Even before the coronavirus pandemic, both brands reported average monthly visits that were down by more than 5% year-over-year in 2019, Placer.ai data shows. Office Depot took a bigger hit with visitor traffic counts down by 7.4% on average in 2019, compared to Staples' 5.7% drop. 

Average monthly visits for both brands fell by at least 19% in 2020 after the pandemic further stymied retail traffic nationwide. 

Even though both retailers experienced improved traffic numbers in the final months of 2020, with Staples down only 7.7% year-over-year during the week of Dec. 7 and Office Depot down 13.3% that week, brokers handling shopping centers and analysts warn the fate of both concepts is on shaky ground.

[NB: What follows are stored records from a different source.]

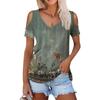 Women's Summer Fashion Casual Floral Printed Strapless V-Neck Short Sleeve T-Shirt Top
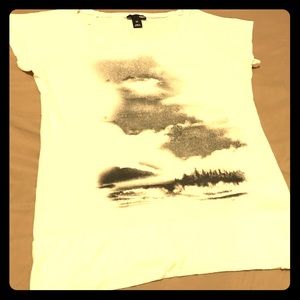 H&M - Casual Shirt  - White with Black Art 🌪🌊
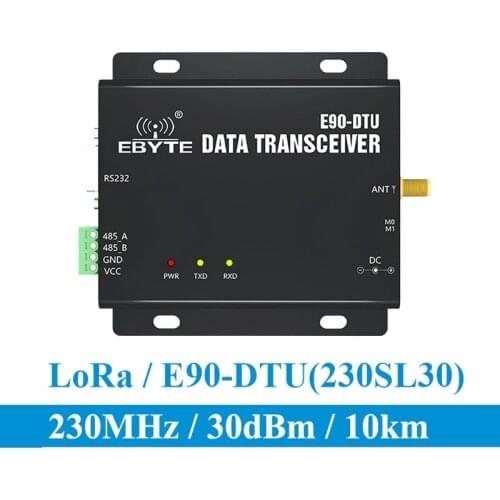 E90-DTU-230SL30 LoRa 1W Modem RS232 RS485 230MHz RSSI Relay IoT vhf Wireless Transceiver Module 30dBm Transmitter and Receiver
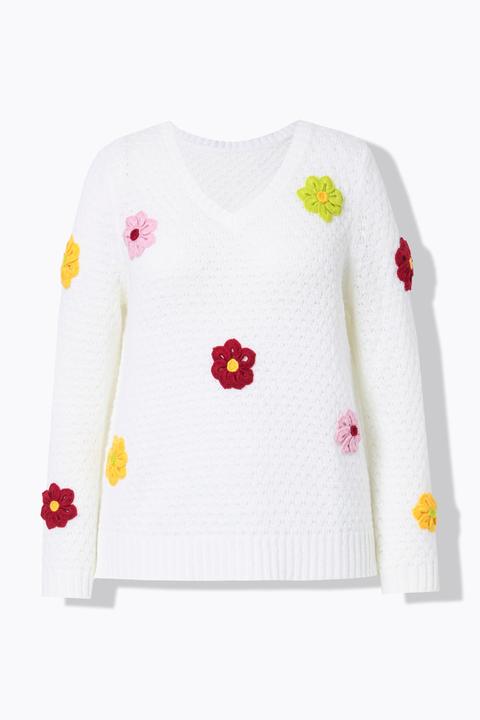 Produktbild Miamoda Pullover, Classic Fit, 3D Blüten, Seitenschlitze (60)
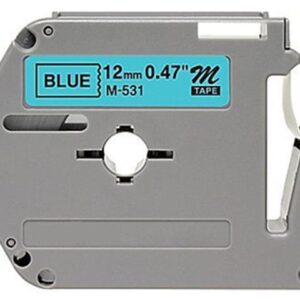 Brother MK531 12mm Black On Blue P-Touch Label Tape, Compatible
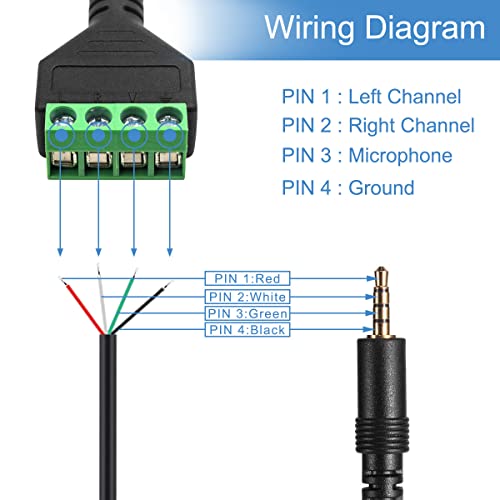 Xiatiaosann 3.5mm Speaker Wire Adapter, 1/8" 4 Pole Stereo TRRS Male Jack to AV 4 Screw Terminal Block Balun Connector Cable, Solderless Terminal Block Cord 30cm (3.5mm M/ 4pin), 2 PCS - Image 3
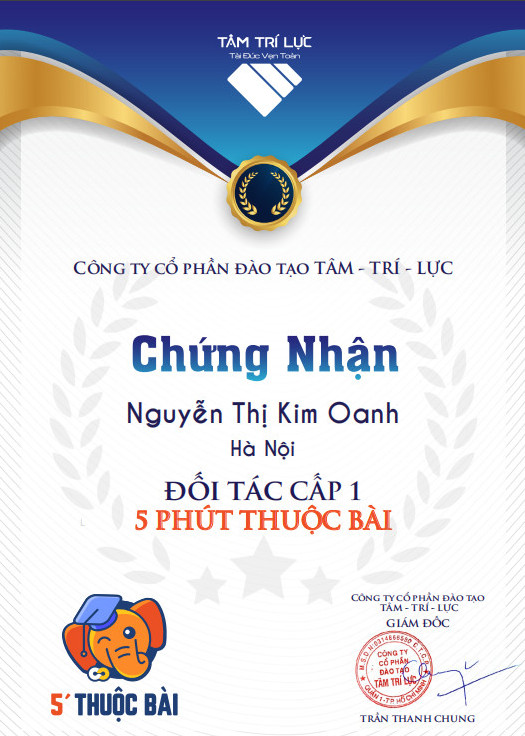 chứng nhận đối tác 5 phút thuộc bài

Store closings in the segment have been routine, with Office Depot noting in its most recent third-quarter 2020 earnings report in November that year-over-year it had 73 fewer stores operating due to the closure of underperforming locations. UBS reports the retailer has 1,250 stores. 

Any center with a legacy office product concept is already on alert about the risk of losing Office Depot and Staples as a tenant in the future, said Venture Commercial Vice President Ryan Smith, who consults landlords across Dallas-Fort Worth on grocery and large retail center anchors. 

"Anytime I am looking at a project, I say to myself we need to start planning today as if this tenant won't be here in the next five years," Smith added. 

Smith said office goods retail is going through what Borders and Barnes & Noble bookstores experienced in the mid-2000s when digital book sales gradually challenged the retail segment's brick-and-mortar experience. Now, like Borders, office retail is no longer a staple tenant for shopping centers wanting long-term stability.

And unlike Target, Costco and other full-service retail concepts, Staples and Office Depot don't offer a one-stop shopping solution. At Target, a person can buy a computer and groceries in one place, Smith pointed out. But once inside an office supply store, you are limited to options that you can already buy online or somewhere else. 

"Their concept just doesn't have a place as it once did in the market," Smith told Bisnow

More closures or a possible bankruptcy from either company would mean a wave of spaces to backfill around the country. Smith is prepared to brainstorm with clients what types of tenants — from soft clothing retailers to gym and entertainment concepts ― are capable of filling in these larger retail spaces, which often can be around 30K SF. 

The other alternative is restructuring the spaces by cutting them into smaller units, but there's a downside to that plan as well.  

"You need to consider the cost it is going to take to repurpose the box for two tenants," Smith said. "And I've always told my guys, you can probably spend close to $1M separating storefronts, utilities and tenant improvement allowance dollars for two tenants as well as commission fees."